To tune the encoder error rate monitor, write a float32 to encoder_error_rate_limit. Values between 0.0f and 1.0f are valid. Writing float32 value 1.0f to encoder_error_rate_limit disables the error rate monitor.

The encoder error rate is available as JCS signal encoder_error_rate.

Estimator Configuration

Estimator selection

JCS network off-axis encoder supports both linear and rotational position and velocity estimation.

Select an estimator by writing an enum to estimator_type:

Estimator type	Description
`kf_linear`	Linear Kalman filter estimator
`kf_rotational`	Rotational Kalman filter estimator that normalises the position output to \([-\pi, \pi]\).

`kf_linear` configuration

Configure the linear Kalman filter estimator with the following parameters:

Command	Type	Required	Description
`estimator_linear_scale`	float32	Optional	Sets the encoder scale from mm to users units. Default: 1.0f (mm)
`estimator_linear_q_variance`	float32	Optional	Sets the internal Kalman filter \(\textbf{Q}\) matrix from variance parameter. Default: \(1e-4\)
`estimator_linear_r`	float32	Optional	Sets the internal Kalman filter \(\textbf{R}\) matrix from variance parameter. Default: \(4.88e-4\)
`estimator_linear_P_initial`	float32 array	Optional	Sets the internal Kalman filter initial \(\textbf{P}\) covariance matrix. Default: [100000.0, 0.0, 0.0, 10.0] Write 4x float32 values

`kf_rotational` configuration

Configure the rotational Kalman filter estimator with the following parameters:

Command	Type	Required	Description
`estimator_rotary_cpr`	uint32	Required	Sets the encoder counts per revolution.
`estimator_rotary_q_variance`	float32	Optional	Sets the internal Kalman filter \(\textbf{Q}\) matrix from variance parameter. Default: \(1e-4\)
`estimator_rotary_r`	float32	Optional	Sets the internal Kalman filter \(\textbf{R}\) matrix from variance parameter. Default: \(4.88e-4\)
`estimator_rotary_P_initial`	float32 array	Optional	Sets the internal Kalman filter initial \(\textbf{P}\) covariance matrix. Default: [100000.0, 0.0, 0.0, 10.0] Write 4x float32 values

Estimator variance

The Kalman filter \(\textbf{Q}\) matrix variance is computed according to a piecewise white noise model.

For the estimated state \(\textbf{x} = \big[\begin{smallmatrix} v && x \end{smallmatrix}\big]^\intercal\), the matrix \(\textbf{Q}\) is computed as:

\[ \begin{bmatrix} 1 && dt \\ dt && {dt}^2 \end{bmatrix} \sigma^2 \]

where \(dt = {1 \over{f}}\) from the encoder/estimator tick rate parameters presented above.

Note: Parameter estimator_q_variance is equivalent to \(\sigma^2\). estimator_q_variance is not squared internally.

Note: This applies equally to the rotational Kalman filter with the state \(\textbf{x} = \big[\begin{smallmatrix} \omega && \theta \end{smallmatrix}\big]^\intercal\).

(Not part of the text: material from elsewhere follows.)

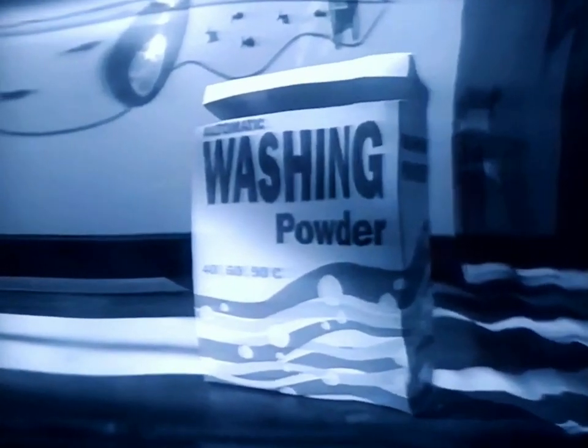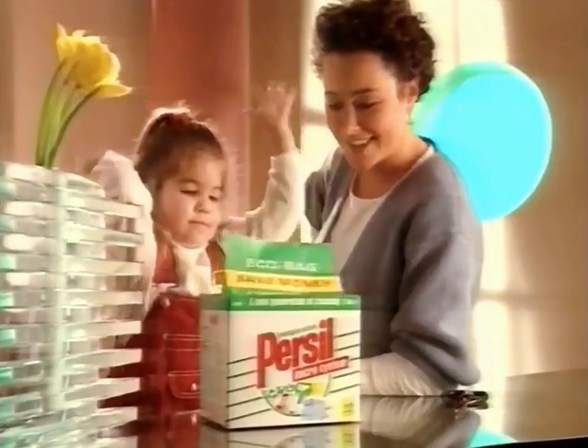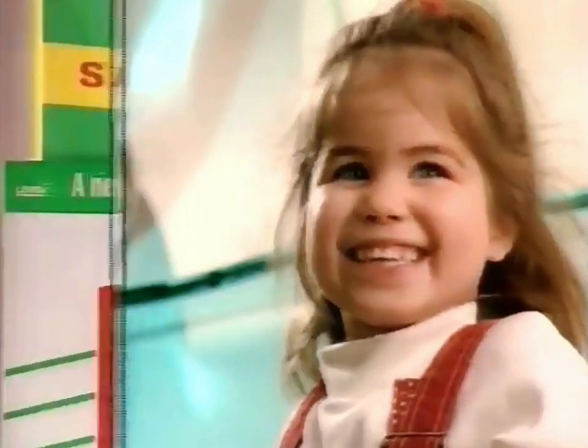Getting rid of your empty box of washing powder can be a real nightmare, which is why Purcell have introduced the new eco-bag. Pop it into your empty box — it's so easy, a child could do it. And getting rid of it is child's play too.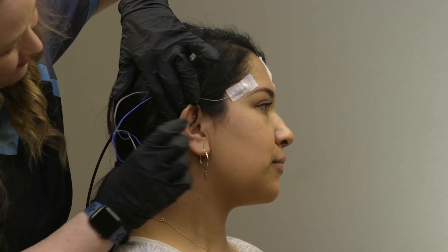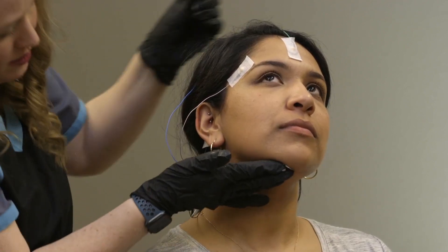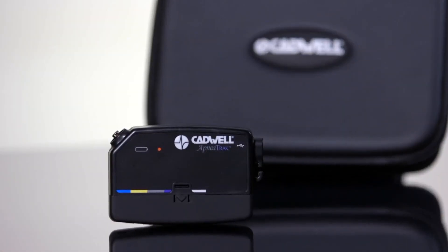Keep the electrodes in the locations they were placed. If any electrodes pull off, you can often push them back into place, or call your medical provider for further instructions. If your provider gave you specific instructions, follow those instructions first.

Estimator initial covariance

If required, set the initial estimator covariance matrix \(\textbf{P}\) by writing a vector of length 4 to estimator_P_initial.

Note: Initial \(\textbf{P}\) matrix values affect the starting performance of the estimator. Since the velocity term is not measured, you may notice large glitches in the velocity estimate at startup if the \(\textbf{P}\) matrix velocity term is too low.

Estimator pass-through

Setting estimator_x_passthrough to true will cause the system to derive the JCS signal x directly from the encoder, rather than from the estimator.

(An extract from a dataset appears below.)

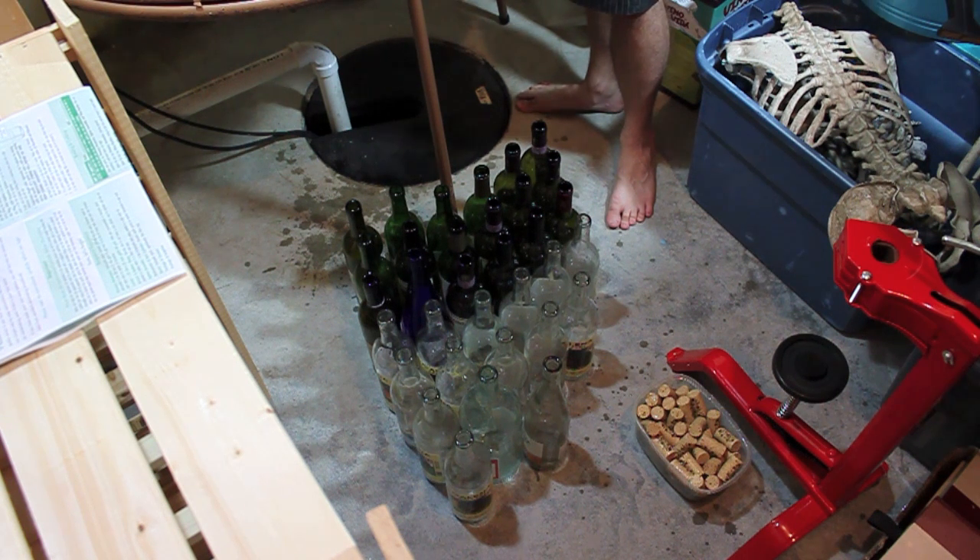Everything has been washed and sanitized, my hands included, so that's why I'm not too worried about touching everything here.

Command	Type	Required	Description
`estimator_x_passthrough`	boolean	Optional	Bypasses the estimator such that the position obtained from the encoder is presented to JCS output signal `x`. Note - The estimator will still produce a velocity estimate output at JCS signal `v`.

Note that the bypassed position will still retain the following properties:

May have zero offset applied
If estimator kf_rotational is active then the output will be normalised to \([-\pi, \pi]\)

Absolute position

While the AS5311 magnetic position sensor is able to return an absolute position, it is only able to return the absolute position within the 2mm pole-pair. The sensor is not able to differentiate between pole-pairs and thus the AS5311 encoder system is considered non-absolute. If the user can guarantee that the magnet target does not move out of a given 2mm pole-pair between power cycles, the encoder position may be considered absolute.